◆ Work item ◆
Using the entries below, copy out all lines where "LEGO" is found.

◆ Exercise data ◆
******************************

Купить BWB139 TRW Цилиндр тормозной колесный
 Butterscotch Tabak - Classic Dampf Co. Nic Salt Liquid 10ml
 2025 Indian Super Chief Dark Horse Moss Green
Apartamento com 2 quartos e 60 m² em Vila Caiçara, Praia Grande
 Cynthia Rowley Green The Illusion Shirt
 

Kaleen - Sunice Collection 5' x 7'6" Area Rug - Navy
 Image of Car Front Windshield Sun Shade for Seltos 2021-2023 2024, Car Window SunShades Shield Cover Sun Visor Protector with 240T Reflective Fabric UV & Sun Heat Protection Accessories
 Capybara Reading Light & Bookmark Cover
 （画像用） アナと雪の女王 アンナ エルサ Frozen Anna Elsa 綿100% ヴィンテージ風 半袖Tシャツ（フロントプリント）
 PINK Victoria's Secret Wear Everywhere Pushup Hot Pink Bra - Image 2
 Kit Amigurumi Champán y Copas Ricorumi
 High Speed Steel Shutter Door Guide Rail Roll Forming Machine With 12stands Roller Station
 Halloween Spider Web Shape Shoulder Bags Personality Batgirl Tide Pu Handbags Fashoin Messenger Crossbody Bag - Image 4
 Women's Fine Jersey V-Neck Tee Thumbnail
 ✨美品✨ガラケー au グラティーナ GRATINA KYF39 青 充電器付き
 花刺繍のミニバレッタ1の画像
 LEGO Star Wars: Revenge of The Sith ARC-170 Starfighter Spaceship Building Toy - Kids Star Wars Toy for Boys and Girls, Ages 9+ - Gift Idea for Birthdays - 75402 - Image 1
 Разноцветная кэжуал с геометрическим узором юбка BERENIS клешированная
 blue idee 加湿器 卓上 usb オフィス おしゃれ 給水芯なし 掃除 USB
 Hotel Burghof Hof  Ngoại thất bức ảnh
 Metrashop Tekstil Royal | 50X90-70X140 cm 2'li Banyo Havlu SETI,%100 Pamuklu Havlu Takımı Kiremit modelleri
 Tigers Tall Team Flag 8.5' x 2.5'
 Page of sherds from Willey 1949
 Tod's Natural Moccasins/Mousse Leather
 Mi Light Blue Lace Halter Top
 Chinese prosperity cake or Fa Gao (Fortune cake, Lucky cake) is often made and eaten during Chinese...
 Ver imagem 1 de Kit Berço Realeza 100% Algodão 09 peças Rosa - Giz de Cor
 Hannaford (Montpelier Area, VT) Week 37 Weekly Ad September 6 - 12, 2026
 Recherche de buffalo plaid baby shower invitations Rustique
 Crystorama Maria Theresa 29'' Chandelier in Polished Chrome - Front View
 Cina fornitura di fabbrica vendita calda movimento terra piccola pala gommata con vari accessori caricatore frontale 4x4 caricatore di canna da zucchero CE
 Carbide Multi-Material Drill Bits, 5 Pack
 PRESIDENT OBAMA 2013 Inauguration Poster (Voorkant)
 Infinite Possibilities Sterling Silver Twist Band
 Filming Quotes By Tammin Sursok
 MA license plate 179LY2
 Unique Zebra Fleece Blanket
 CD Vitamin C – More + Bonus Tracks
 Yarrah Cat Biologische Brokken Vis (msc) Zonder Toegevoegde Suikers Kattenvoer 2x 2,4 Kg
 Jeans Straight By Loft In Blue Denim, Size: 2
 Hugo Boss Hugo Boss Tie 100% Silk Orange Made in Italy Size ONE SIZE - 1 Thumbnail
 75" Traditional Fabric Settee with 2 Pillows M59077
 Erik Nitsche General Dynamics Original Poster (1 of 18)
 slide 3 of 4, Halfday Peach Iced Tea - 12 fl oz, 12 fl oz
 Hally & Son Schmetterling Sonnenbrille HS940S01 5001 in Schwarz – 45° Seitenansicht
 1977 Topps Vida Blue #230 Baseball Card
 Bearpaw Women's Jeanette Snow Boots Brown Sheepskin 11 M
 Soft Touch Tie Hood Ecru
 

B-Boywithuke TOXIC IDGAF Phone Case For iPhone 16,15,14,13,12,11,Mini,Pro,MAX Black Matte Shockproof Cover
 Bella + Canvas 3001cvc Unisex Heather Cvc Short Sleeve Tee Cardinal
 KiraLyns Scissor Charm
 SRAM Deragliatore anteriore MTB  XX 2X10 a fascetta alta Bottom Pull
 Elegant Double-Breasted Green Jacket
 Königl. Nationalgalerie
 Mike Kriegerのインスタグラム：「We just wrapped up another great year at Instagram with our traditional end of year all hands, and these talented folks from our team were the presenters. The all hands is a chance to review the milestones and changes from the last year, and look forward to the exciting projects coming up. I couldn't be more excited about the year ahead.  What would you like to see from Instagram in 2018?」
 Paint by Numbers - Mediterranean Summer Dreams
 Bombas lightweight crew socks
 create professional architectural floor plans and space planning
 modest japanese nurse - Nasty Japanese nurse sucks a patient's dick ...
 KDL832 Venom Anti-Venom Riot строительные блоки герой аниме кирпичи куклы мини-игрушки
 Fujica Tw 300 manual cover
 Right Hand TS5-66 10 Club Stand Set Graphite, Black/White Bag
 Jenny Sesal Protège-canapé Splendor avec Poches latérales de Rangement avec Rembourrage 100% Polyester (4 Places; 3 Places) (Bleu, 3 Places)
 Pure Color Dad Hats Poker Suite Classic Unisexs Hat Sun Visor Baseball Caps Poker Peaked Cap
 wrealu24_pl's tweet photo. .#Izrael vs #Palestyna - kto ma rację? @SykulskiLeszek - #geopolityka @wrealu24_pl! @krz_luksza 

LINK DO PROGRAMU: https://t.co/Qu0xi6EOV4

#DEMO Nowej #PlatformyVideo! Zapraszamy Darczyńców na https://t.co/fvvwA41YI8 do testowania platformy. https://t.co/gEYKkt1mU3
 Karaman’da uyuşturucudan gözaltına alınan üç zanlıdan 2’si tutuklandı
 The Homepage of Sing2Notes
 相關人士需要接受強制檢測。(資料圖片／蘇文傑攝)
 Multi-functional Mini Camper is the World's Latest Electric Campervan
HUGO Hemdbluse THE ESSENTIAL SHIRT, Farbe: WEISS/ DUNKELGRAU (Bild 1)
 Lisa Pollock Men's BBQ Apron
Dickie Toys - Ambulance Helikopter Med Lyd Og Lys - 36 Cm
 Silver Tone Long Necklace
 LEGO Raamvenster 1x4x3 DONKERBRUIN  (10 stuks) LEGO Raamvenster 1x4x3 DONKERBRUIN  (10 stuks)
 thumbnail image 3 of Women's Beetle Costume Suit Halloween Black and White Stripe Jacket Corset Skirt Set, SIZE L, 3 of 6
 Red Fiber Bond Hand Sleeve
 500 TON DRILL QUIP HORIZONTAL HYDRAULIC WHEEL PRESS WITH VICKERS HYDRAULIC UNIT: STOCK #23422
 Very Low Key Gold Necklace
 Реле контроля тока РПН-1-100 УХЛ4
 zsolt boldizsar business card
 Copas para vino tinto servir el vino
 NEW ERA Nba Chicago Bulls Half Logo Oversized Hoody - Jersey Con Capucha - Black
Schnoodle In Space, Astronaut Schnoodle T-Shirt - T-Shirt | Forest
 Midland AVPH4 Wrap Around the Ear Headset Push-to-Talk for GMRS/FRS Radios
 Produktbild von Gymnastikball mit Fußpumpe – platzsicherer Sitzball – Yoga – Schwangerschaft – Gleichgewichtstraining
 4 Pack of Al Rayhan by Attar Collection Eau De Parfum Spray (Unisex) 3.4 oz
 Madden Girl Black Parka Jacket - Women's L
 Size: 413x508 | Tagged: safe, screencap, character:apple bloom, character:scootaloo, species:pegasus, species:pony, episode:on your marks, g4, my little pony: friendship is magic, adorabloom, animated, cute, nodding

******************************

◆ Exercise output ◆
 LEGO Star Wars: Revenge of The Sith ARC-170 Starfighter Spaceship Building Toy - Kids Star Wars Toy for Boys and Girls, Ages 9+ - Gift Idea for Birthdays - 75402 - Image 1
 LEGO Raamvenster 1x4x3 DONKERBRUIN  (10 stuks) LEGO Raamvenster 1x4x3 DONKERBRUIN  (10 stuks)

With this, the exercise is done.